Lawless | страница 22
Now here they were, husband and wife at last! Bella was so happy she thought she would burst.
But life was hard, even if she was newly married, and in love. In the dry baking heat of an Italian summer, with Vesuvius rumbling and smoking on the horizon, it was a difficult time to be pregnant, and Bella suffered badly from morning sickness. She struggled to keep the house nice while, as camorristi, both Astorre’s father and then Astorre himself were drafted into the Fascist Party.
Four years earlier, Benito Mussolini, the blacksmith’s son from Romagna, had declared himself Il Duce and the leader of the Fascists. Astorre’s father, a widower, became involved in political life, but Astorre contented himself with trading in the port, where there were good profits to be made on the sly with cigarettes and drugs and other lucrative contraband.
It was a risky time and Bella was full of fear for her new husband. Just the year before their wedding, there had been unrest on the streets, many deaths. Yes, the Fascists were in power, but that communist bastard Matteotti had accused them of poll-rigging. After he was shot for his trouble, Casalini, Mussolini’s deputy, was gunned down in a retaliatory shooting.
‘Be careful,’ Astorre told his father Franco when at last he held his own first-born, Tito, safe in his arms. Bella’d had a bad time with both the pregnancy and the birth, but here was their reward. They had a son.
Astorre was concerned about his father. The communists were still causing trouble, targeting those in power, and Papa had made a particular enemy of one of the scum, Corvetto. A hard-nosed thug who had once been camorristi, Corvetto was a turncoat and a braggart. Papa knew secrets about the man, secrets the communist did not want known.
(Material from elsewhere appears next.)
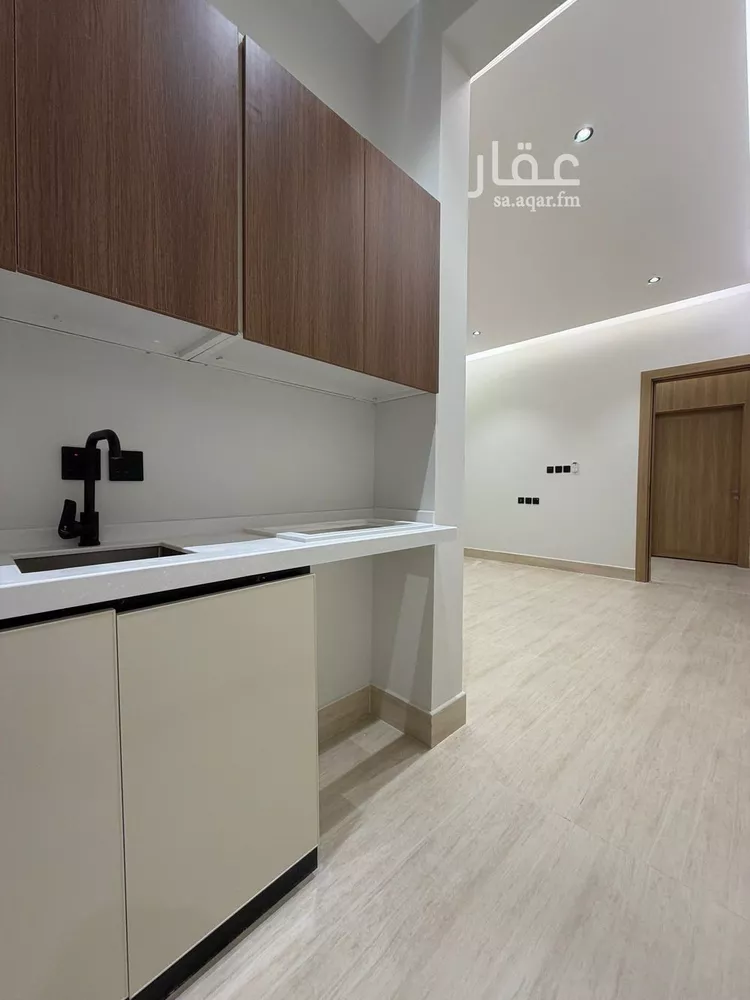 شقة للإيجار في شارع احمد بن الخطاب, حي طويق, مدينة الرياض, منطقة الرياض 15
‘No worries,’ said his father. ‘Il Duce has banned all the left-wing bastards now, they can’t form parties any more.’
Astorre didn’t believe that would make any difference. Nevertheless, he joined his father in politics.
And Bella worried all the more.
10
‘Put the money in here! Right here, cunt, don’t you make one funny move or you’re DEAD, you got me?’
The terrified female bank teller behind the smashed counter stared in horror at the men, four of them, big threatening blocks of muscle clad in balaclavas and boiler suits, each one wielding a pick handle.
Some of the customers were screaming. Moira Stanhope had seen her kids off to school this morning, come into work as usual, set up her position – it was just another day. And now, all hell had broken loose.